Count emails that have more than 10 documents (buckets count)

Hi!
I have documents in elastic like:

{
    "email": "user@example.com",
    "subject": "Email subject",
    "body": "Email body"
}

And I'm trying to count all unique emails that have more than 10 documents.
I can retrieve all such emails by the aggregation query:

GET emails/_search
{
  "size": 0,
  "aggs": {
    "email_with_more_than_10_docs": {
      "terms": {
        "field": "email",
        "min_doc_count": 10
      }
    }
  }
}

And I get the output:

{
  "took" : 3,
  "timed_out" : false,
  "_shards" : {
    "total" : 3,
    "successful" : 3,
    "skipped" : 0,
    "failed" : 0
  },
  "hits" : {
    "total" : {
      "value" : 74,
      "relation" : "eq"
    },
    "max_score" : null,
    "hits" : [ ]
  },
  "aggregations" : {
    "email_with_more_than_10_docs" : {
      "doc_count_error_upper_bound" : 0,
      "sum_other_doc_count" : 0,
      "buckets" : [
        {
          "key" : "user1@example.com",
          "doc_count" : 40
        },
        {
          "key" : "user2@example.com",
          "doc_count" : 14
        },
        {
          "key" : "user3@example.com",
          "doc_count" : 13
        }
      ]
    }
  }
}

But how can I get the number of the unique emails (number of buckets)? In the example of output above that number is 3.

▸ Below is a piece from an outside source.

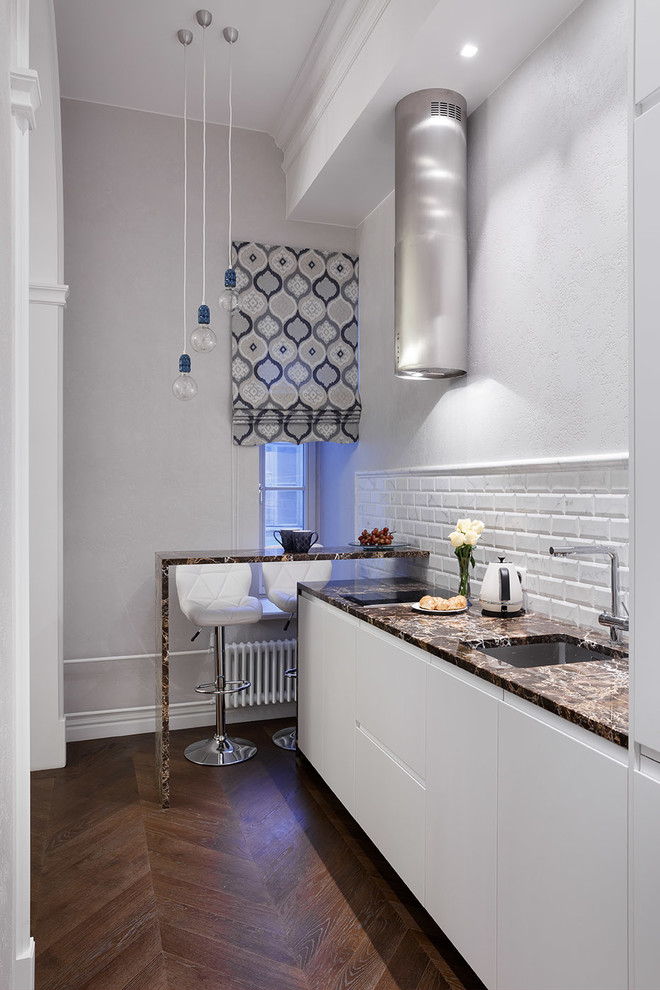 Design ideas for a small traditional single-wall enclosed kitchen in Saint Petersburg with a submerged sink, marble worktops, white splashback, dark hardwood flooring, flat-panel cabinets, white cabinets, metro tiled splashback, no island and brown floors.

As long as the size parameter of aggregation is larger than the number of emails which meet the criteria, count the length of the buckets array on the client side is a viable option to implement.

If you really need the count in the response, you may use stats_bucket pipeline aggregation. Keep in mind set "size" larger than the number of terms. The "count" value is what you want.

GET kibana_sample_data_flights/_search?filter_path=aggregations.stats
{
  "size":0,
  "aggs": {
    "dest": {
      "terms": {
        "field": "DestAirportID",
        "size": 10
      }
    },
    "stats":{
      "stats_bucket": {
        "buckets_path": "dest>_count"
      }
    }
  }
}
{
  "aggregations" : {
    "stats" : {
      "count" : 10,
      "min" : 305.0,
      "max" : 691.0,
      "avg" : 416.1,
      "sum" : 4161.0
    }
  }
}
GET kibana_sample_data_flights/_search?filter_path=aggregations.stats
{
  "size":0,
  "aggs": {
    "dest": {
      "terms": {
        "field": "DestAirportID",
        "size": 1000
      }
    },
    "stats":{
      "stats_bucket": {
        "buckets_path": "dest>_count"
      }
    }
  }
}
{
  "aggregations" : {
    "stats" : {
      "count" : 156,
      "min" : 1.0,
      "max" : 691.0,
      "avg" : 83.71153846153847,
      "sum" : 13059.0
    }
  }
}
1 Like

But what if there are a lot of documents in elstic? Is there any other solution that takes it into account?

For pagination of aggregation results, Composite aggregation may help you.

Using transform to perform aggregation beforehand might be another option.

This topic was automatically closed 28 days after the last reply. New replies are no longer allowed.